The plot involves Taylor, a Charlton Heston look-alike who puts his vest on but doesn't do it with the same panache. Astronaut Taylor crash lands on a planet inhabited by apes and gorillas and bonobos and lemurs. He concludes that the civil rights movement has gotten waaay out of hand and something must be done. He teams with a mute lingerie model and together they explore the underground tunnel of this "strange" planet.
But what's this? It turns out he was on Earth all along!

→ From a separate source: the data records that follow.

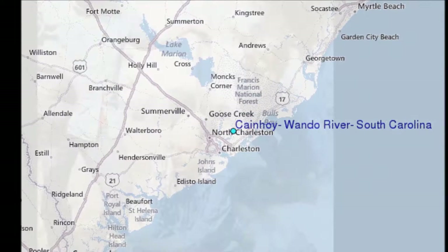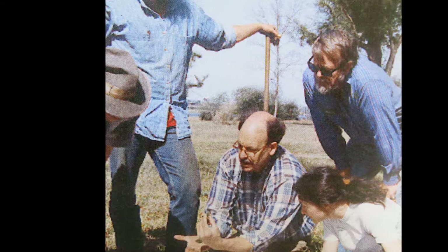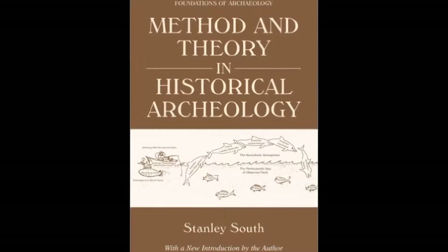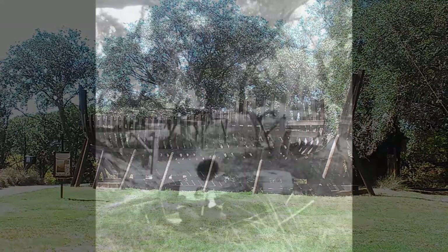Bradford Rauschenberg, director of research at MESDA, or the Museum of Early Southern Decorative Arts, researched Bartlum from the 1970s into the 1990s. Stanley South's textbooks established archaeology as a scientific process in the late 1970s, and he worked on very important excavations in South and North Carolina, including Charlestown Landing, Santa Elena, and Beth Ibarra. His work at Cain Hoy became a passion which spanned the years from 1990 until his death in March 2016.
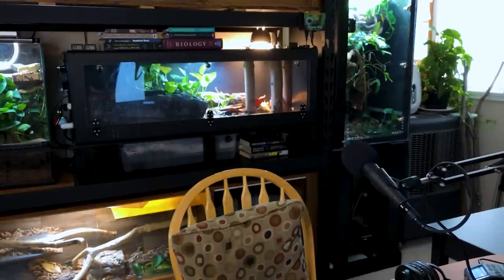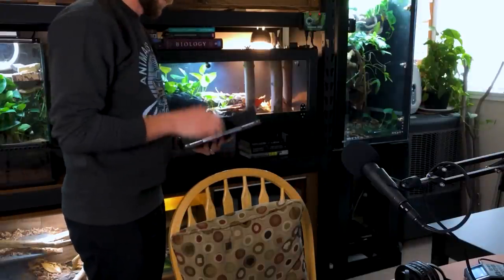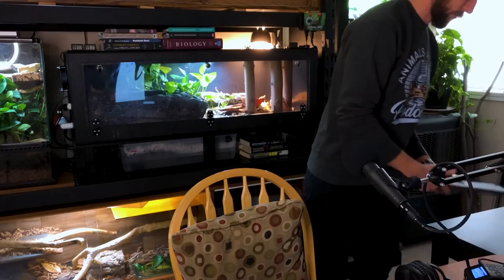Welcome to episode number 69 of the Animals at Home podcast. My name is Dylan Perrin. Thank you very much for joining me. This is the podcast that inspires others to push the limits of their reptile husbandry by promoting the importance of high-level, creative care, individualized for each reptile.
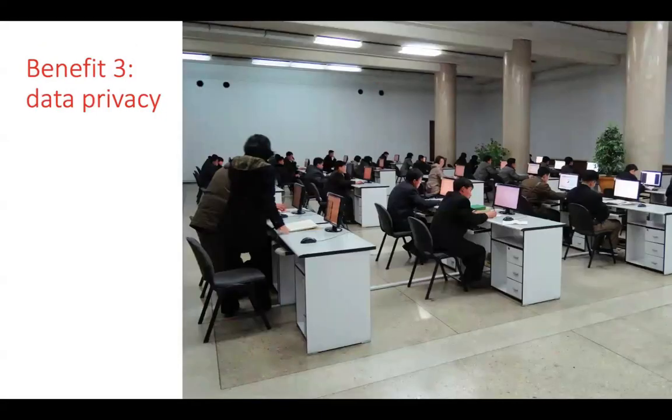The third major benefit is data privacy. If you have an environment where lots of students are coming and going through a computer lab in the course of a day — several students using one device — you want to make sure each student does not have access to the previous student's data, which Deep Freeze achieves. You can set idle time tasks like restart after five minutes of inactivity, or shut down at a certain time of day, so a new student can't see the previous person's data.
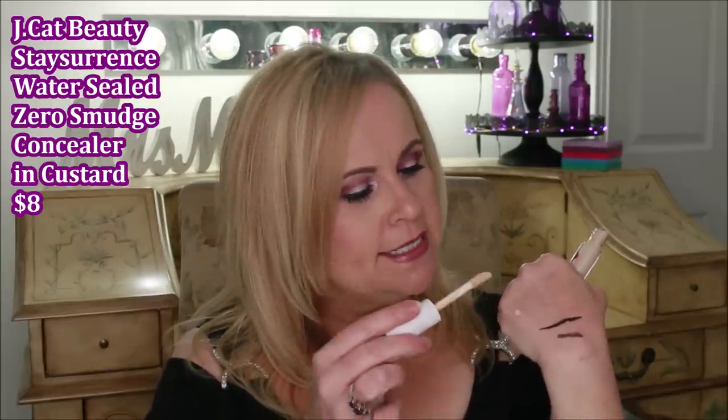I have two concealers to share. First is the one I'm wearing today — the JCat Beauty Stay Assurance Water-Sealed Zero Smudge Concealer. This shade is actually a bit too light for me, but I wore it today to show you how well it covers. You need such a tiny bit and it doesn't dry me out under my eyes. It doesn't get crepey in the fine lines and lasts all day through my menopausal power surges. It has five stars on Ulta, which is one of the reasons I picked it up.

That's right, he's in the New York City subway system, minus the rats and Donald Trump. You bastards! You blew it up to hell! Etc.In this underground world Astronaut Taylor comes across a kooky collection of burn victims who chant hymns and cover their hideous burnt faces with rubber masks (but disdain the ape masks everyone else has on, go figure), and they worship a giant dildo that will explode love all over everyone.
Charlton Heston shows up for a final actor-y scene to shout his lines and make damn sure the franchise is dead. Angry black men shoot him dead with rifles. Irony!
As he dies, he pushes the Electro-lite button that sends the love bomb to destroy everything. The voice of God then comes on to tell us that an "insignificant green planet" has been wiped out. And yet not even God, nor utter annihilation, could stop the next sequels. Such is the power of the NRA!